CIS & The Day We Fight Back

Today, Stanford’s Center for Internet and Society joins Greenpeace, Mozilla, Electronic Frontier Foundation, the Libertarian Party, and an array of ideologically diverse groups in The Day We Fight Back against mass surveillance.

We are a public interest program, striving to improve both technology and law, and encouraging decision makers to design both as a means to further democratic values. Mass surveillance is incompatible with our mission. Information is power.  With unfettered information about everyone, we can be singled out, targeted, marginalized, investigated, discredited, or jailed for pushing for peaceful change. No one may ever know how or why our voices were silenced. So we join The Day We Fight Back to help end mass surveillance, and we hope you will join us, too. This may not be your most important issue.  Perhaps you care about freedom of expression, innovation, anti-discrimination, smaller government, gun rights, or the environment. Whatever your issue is, if you want the government to change business as usual, you are playing blindfolded, and the powers that be are in the light. The heroes of your movement are subject to being picked off at any time—for example, their messages sent to the DEA or the IRS, or embarrassing profiles made to discredit them in the eyes of the public—unless and until we resolve this problem.  

Last summer, the world learned that the United States’ intelligence agencies are conducting mass surveillance of millions of innocent people--Americans and citizens of other nations. We don’t know the whole story. Surveillance practices are secret, targets are secret, and even some of the laws under which the agencies operate are secret. The government has many techniques for masking the full scope of its information collection. Nevertheless, newspapers report that the National Security Agency obtained 70 million French telephone calls and 60 million Spanish ones in a single 30-day period. In a single day, the agency sucked in 444,743 e-mail address books from Yahoo, 105,068 from Hotmail, 82,857 from Facebook, 33,697 from Gmail and 22,881 from unspecified other providers.  The NSA also collects daily contacts from an estimated 500,000 buddy lists on live-chat services as well as from the inbox displays of Web-based e-mail accounts. It collects approximately 250 million communications and “communications transactions” a year from inside the United States, a collection that includes Americans’ messages and calls with people overseas, as well as improperly collected purely domestic communications the NSA nevertheless keeps. The agency also obtains hundreds of thousands of peoples’ calling records under a law whose primary sponsor says was never conceived of for bulk collection purposes. 

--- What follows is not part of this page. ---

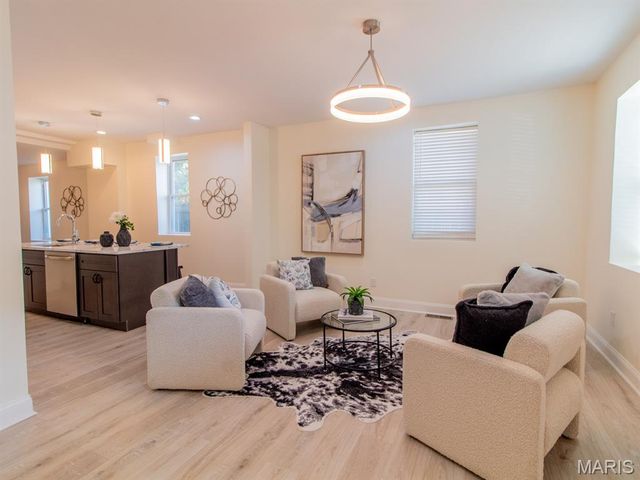 6901 Pennsylvania Avenue, St Louis, MO 63111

Perhaps worse, the United States government actively undermines Internet security by subverting the process for adopting encryption standards and forcing companies to install surveillance back doors. 

We want new laws to end mass surveillance and to protect the integrity of digital transmissions. We want the laws to ensure that we—all of us—can live in a truly free society, where innocent people are left alone and free to push for even dramatic political and social change without fear of reprisals. In January 2012, we defeated the SOPA and PIPA censorship legislation with the largest Internet protest in history. Privacy, like free expression, is a foundational part of democracy. It is going to take more than One Day to Fight Back. But today is the day we start. Together, we can do this. 

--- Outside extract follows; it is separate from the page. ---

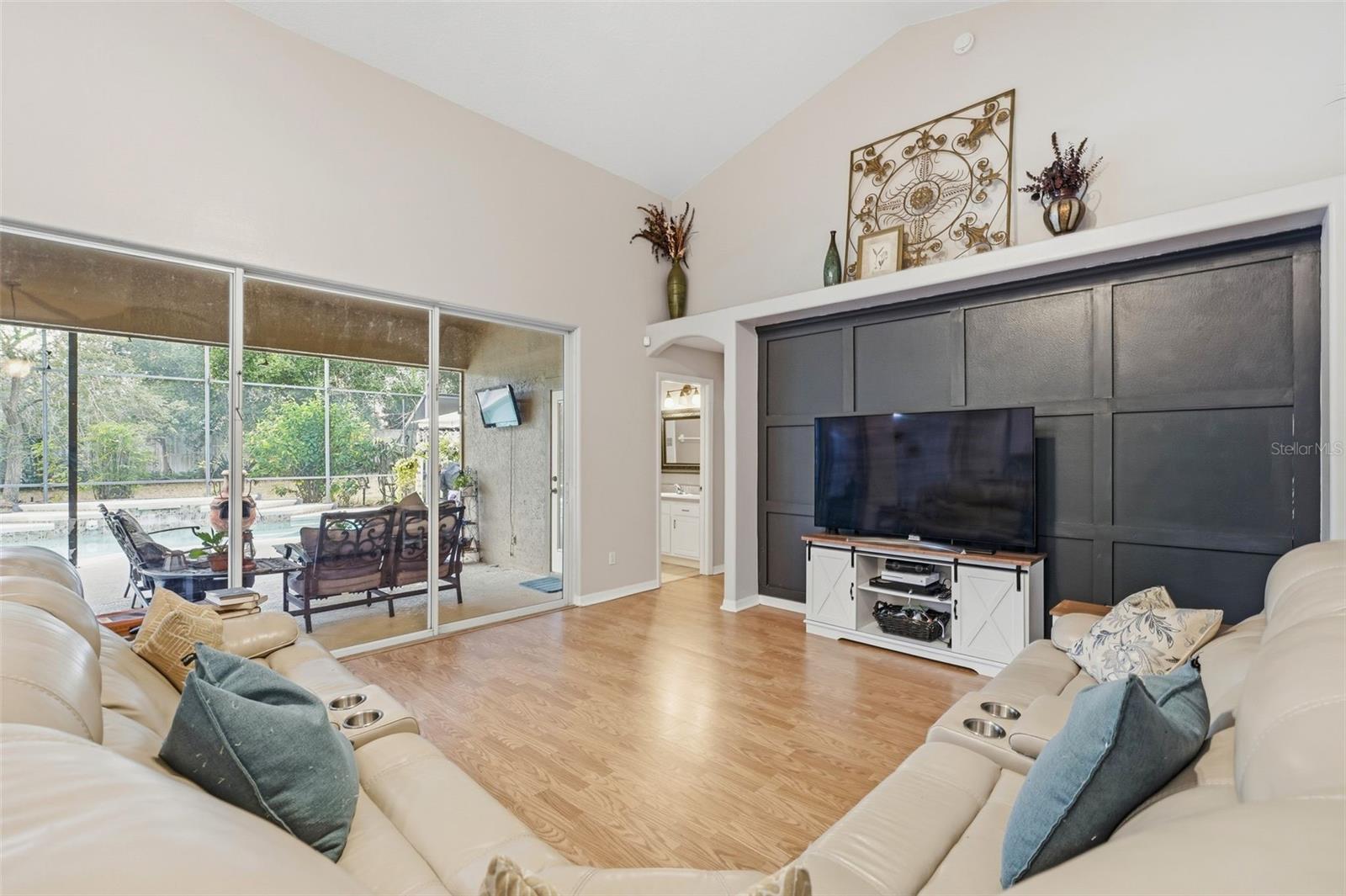 CLERMONT COLLEGE PARK PH 01 LT 01 - Residential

So please, take some time today to educate yourself about the issue, if you aren’t already following it.  And contact your legislator using the tools on our website today. Let your representatives know that we reject government policies that seek to observe, collect, and analyze our every digital action. Together, we will make it clear that such behavior is not compatible with democratic governance. Together, if we persist, we will win this fight.